Data:
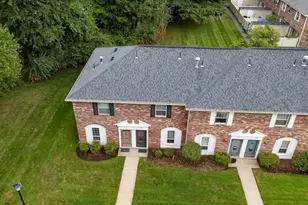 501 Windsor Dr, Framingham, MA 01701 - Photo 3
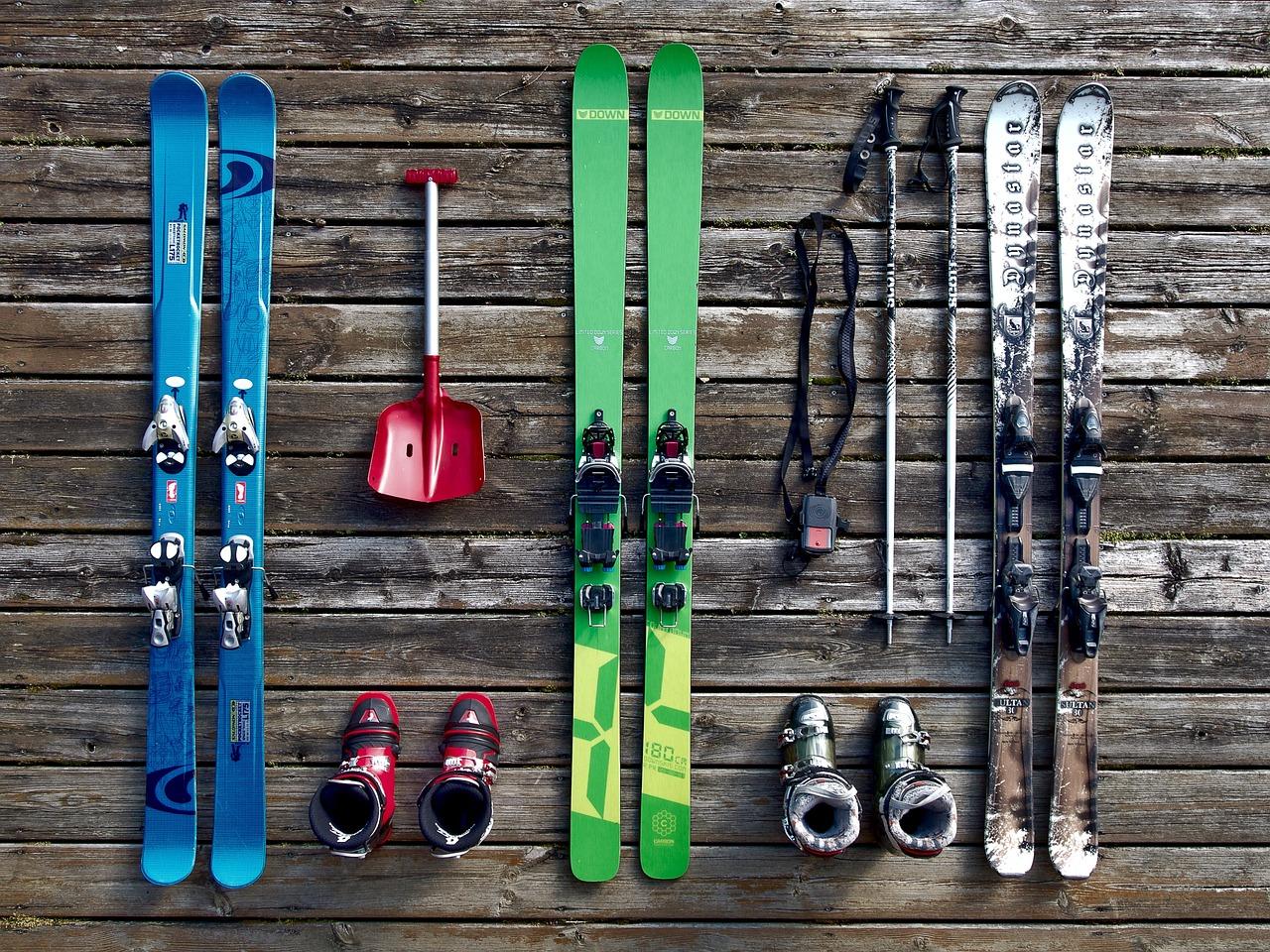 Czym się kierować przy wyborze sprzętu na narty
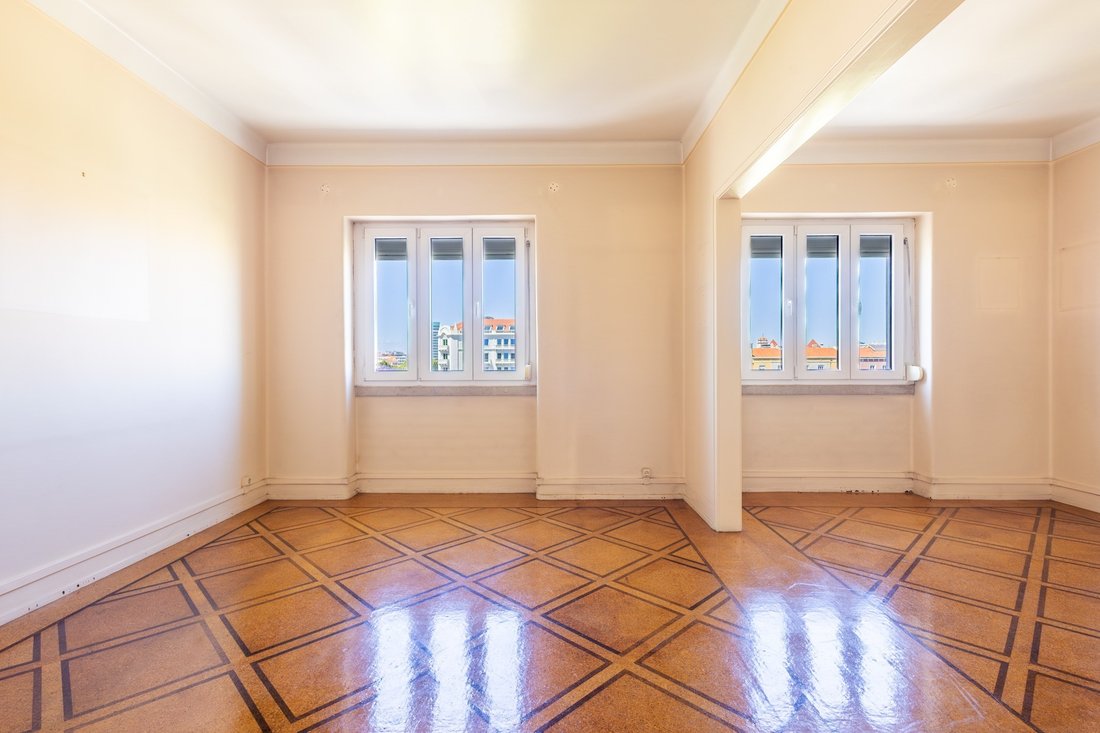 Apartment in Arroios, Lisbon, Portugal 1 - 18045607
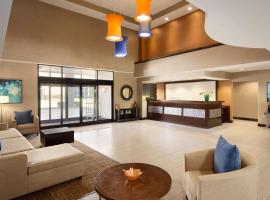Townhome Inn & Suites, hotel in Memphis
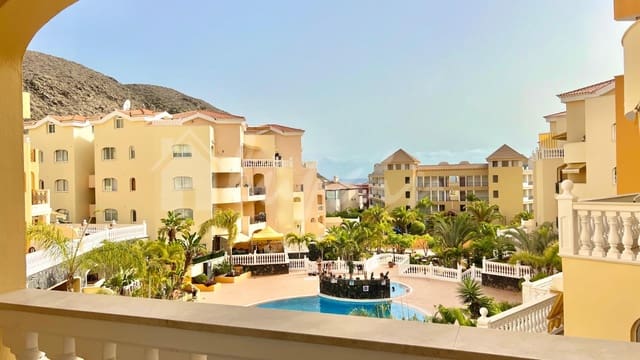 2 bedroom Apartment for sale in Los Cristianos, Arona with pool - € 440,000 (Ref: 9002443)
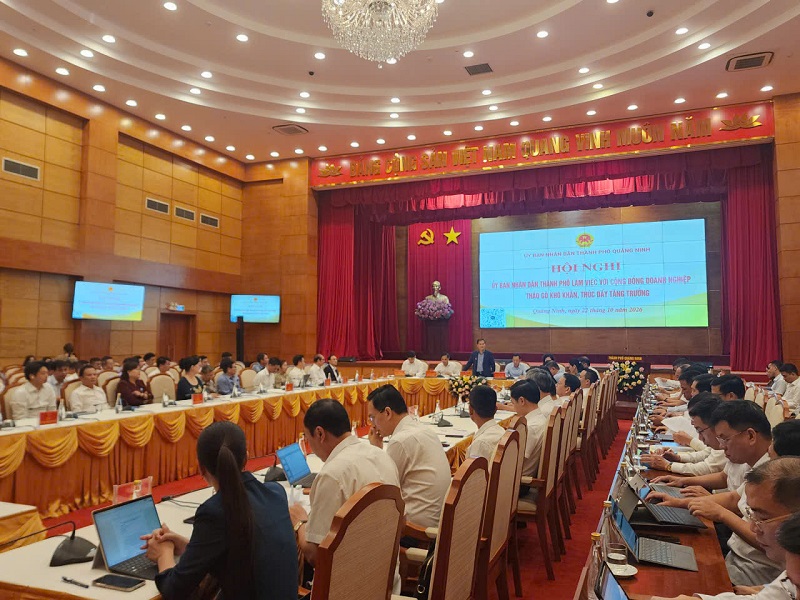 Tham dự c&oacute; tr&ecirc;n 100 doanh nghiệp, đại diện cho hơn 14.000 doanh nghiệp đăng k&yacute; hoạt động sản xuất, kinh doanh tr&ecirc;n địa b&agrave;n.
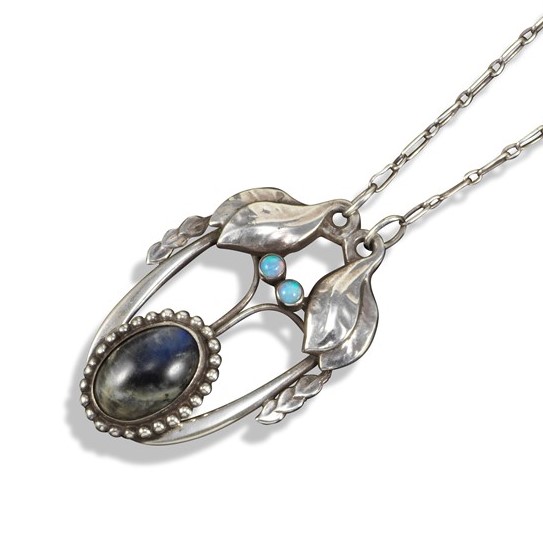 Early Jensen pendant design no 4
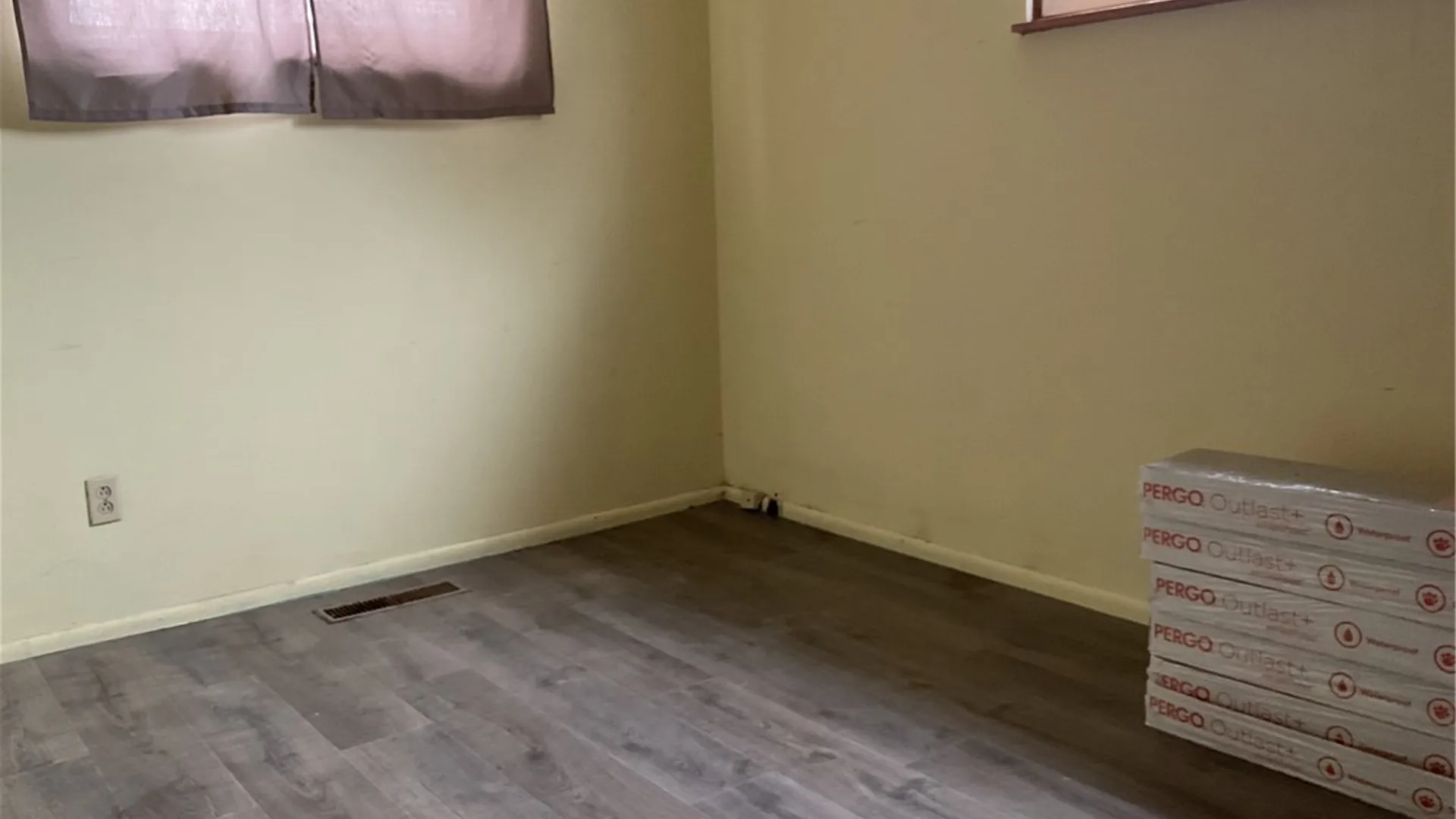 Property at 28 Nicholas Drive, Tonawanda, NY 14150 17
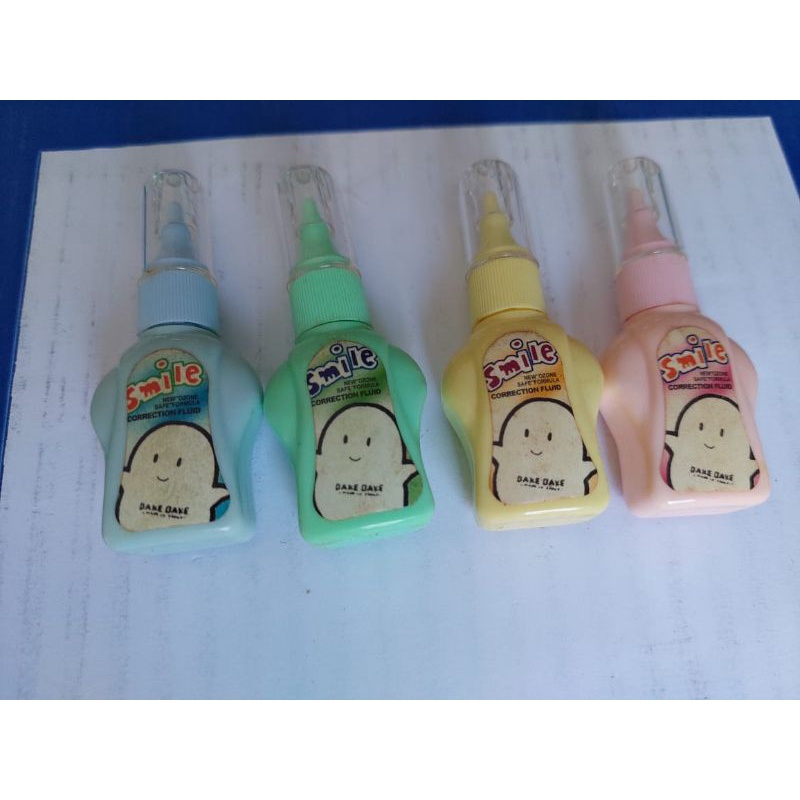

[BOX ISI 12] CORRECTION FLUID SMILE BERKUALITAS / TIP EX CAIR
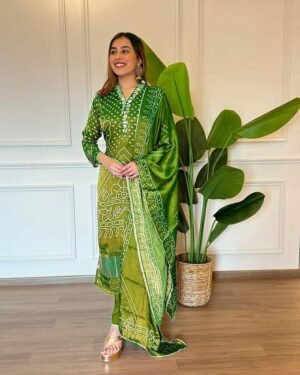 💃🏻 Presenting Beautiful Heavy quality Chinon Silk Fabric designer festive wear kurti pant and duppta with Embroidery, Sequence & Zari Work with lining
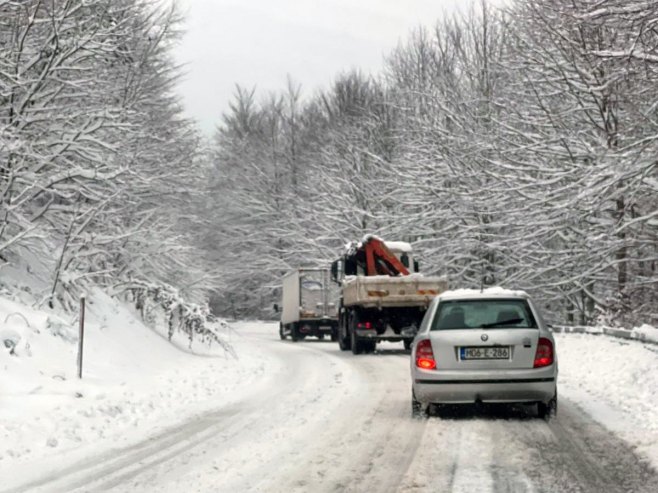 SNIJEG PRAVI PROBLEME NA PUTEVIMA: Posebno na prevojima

What the task requires: Restate word for word each line from the one containing "Property at 28" through the end of the material, pictures excluded.

Exercise output:
 Property at 28 Nicholas Drive, Tonawanda, NY 14150 17

[BOX ISI 12] CORRECTION FLUID SMILE BERKUALITAS / TIP EX CAIR
 💃🏻 Presenting Beautiful Heavy quality Chinon Silk Fabric designer festive wear kurti pant and duppta with Embroidery, Sequence & Zari Work with lining
 SNIJEG PRAVI PROBLEME NA PUTEVIMA: Posebno na prevojima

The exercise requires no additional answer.